When I write a fragment shader, I am writing a program that will execute ten thousand times simultaneously — once for every pixel on screen, all at once, in perfect lockstep. There is no sequencing. There is no one thread waiting for another. There is only the field, firing together.
I kept thinking about this while reading about cortical columns. The brain's visual cortex doesn't process images serially, pixel by pixel, the way a CPU might. It processes entire spatial regions in parallel — columns of neurons responding to orientation, frequency, and phase simultaneously. The architecture is shockingly similar. Not metaphorically. Structurally.

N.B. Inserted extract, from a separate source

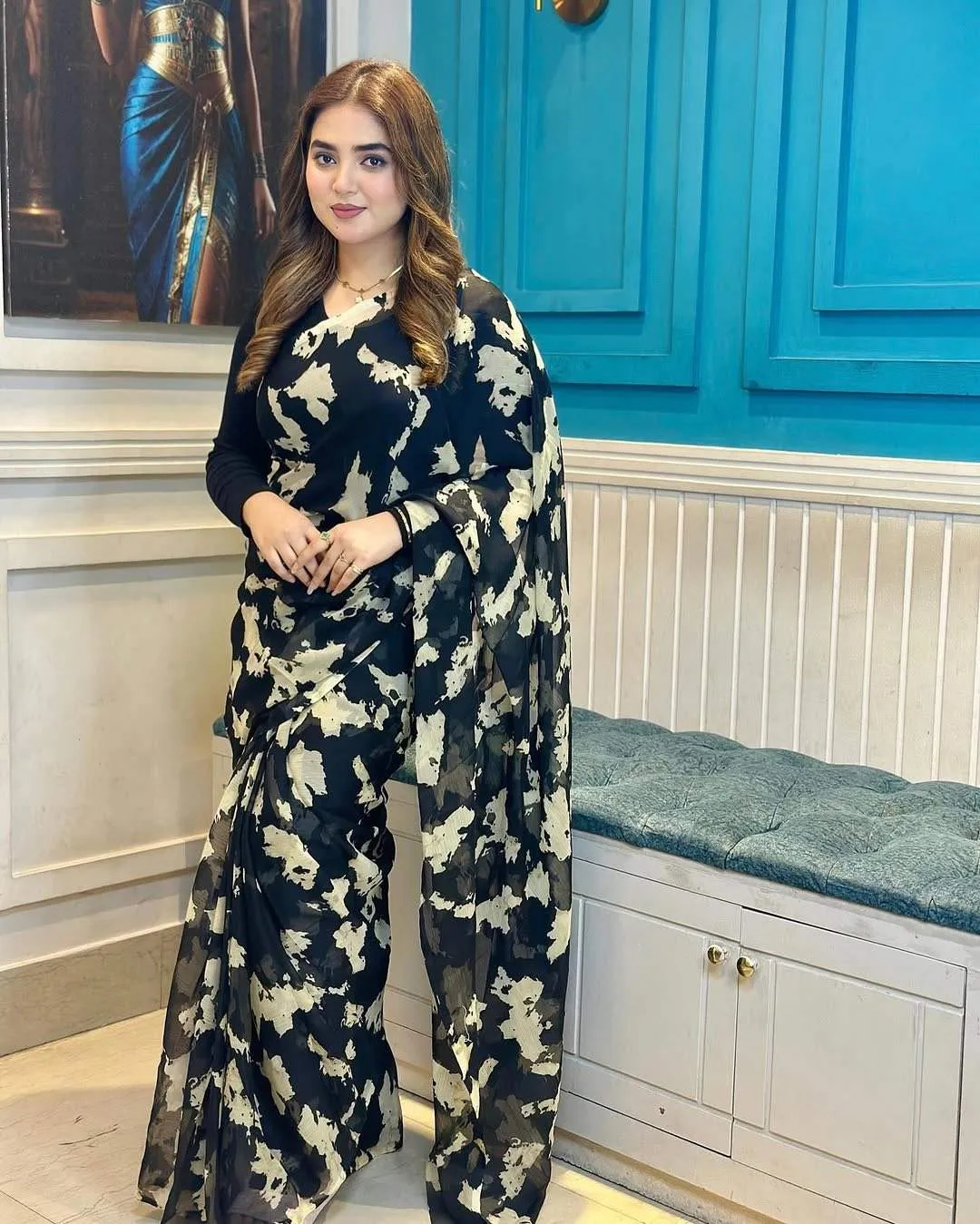 Georgette Printed Saree With Blouse Piece | P00152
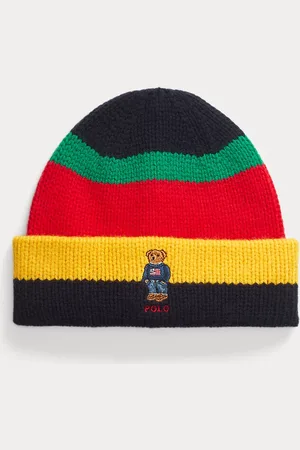 Ralph Lauren Polo Bear Striped Wool Beanie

The shader as a field operator
In GLSL, a fragment shader is a pure function. It takes a position in screen space and returns a color. No side effects. No shared mutable state. Every invocation is independent of every other. The GPU schedules thousands of these invocations across its shader cores, grouping them into warps — typically 32 threads that execute the same instruction simultaneously on different data.
// A simple signed-distance field rendered in parallel
void main() {
vec2 uv = (gl_FragCoord.xy - u_resolution * 0.5)
/ min(u_resolution.x, u_resolution.y);
// Every pixel evaluates this simultaneously
float d = length(uv) - 0.3;
float c = smoothstep(0.01, -0.01, d);
gl_FragColor = vec4(vec3(c), 1.0);
}
// This runs on ~1000 cores at once. No loop. No iteration.
This is the thing that changes how you think. When you write a shader, you stop thinking about what happens next and start thinking about what the whole field looks like at once. The question isn't "what does pixel (x, y) become?" The question is "what is the rule that describes the entire image, everywhere, simultaneously?"
To write a shader is to describe a law, not a procedure. The GPU is the instrument that instantiates that law across space. Personal notes, 2025
Neural columns and the warp
A cortical column is approximately 0.5mm in diameter and contains around 10,000 neurons. These neurons are organized into six layers, each connecting to different regions — input, processing, output. A column is a functional unit. It responds to a specific feature of the input stimulus, and it fires together, in synchrony, when that feature is present.
The GPU's warp — 32 threads executing the same instruction — is functionally analogous. Each thread handles a different pixel coordinate, but they all run the same shader code at the same clock cycle. If even one thread in the warp takes a different branch, the entire warp stalls while that branch completes. Divergence is expensive. Unity is efficient.
GPU warp: 32 threads · same instruction · different data · divergence = stall
Cortical column: ~10k neurons · feature-selective · synchronous firing · inhibition maintains coherence
Both systems pay a cost for divergence. Both optimize for coordinated, uniform response.
The inhibitory interneuron as branch predictor
The brain uses inhibitory interneurons — neurons that suppress neighboring activity — to maintain the coherence of a column's response. When a column fires for a specific orientation (say, 45 degrees), inhibitory interneurons suppress columns tuned to similar but distinct orientations. This is not unlike a GPU's branch prediction hardware suppressing divergent execution paths to keep warps coherent.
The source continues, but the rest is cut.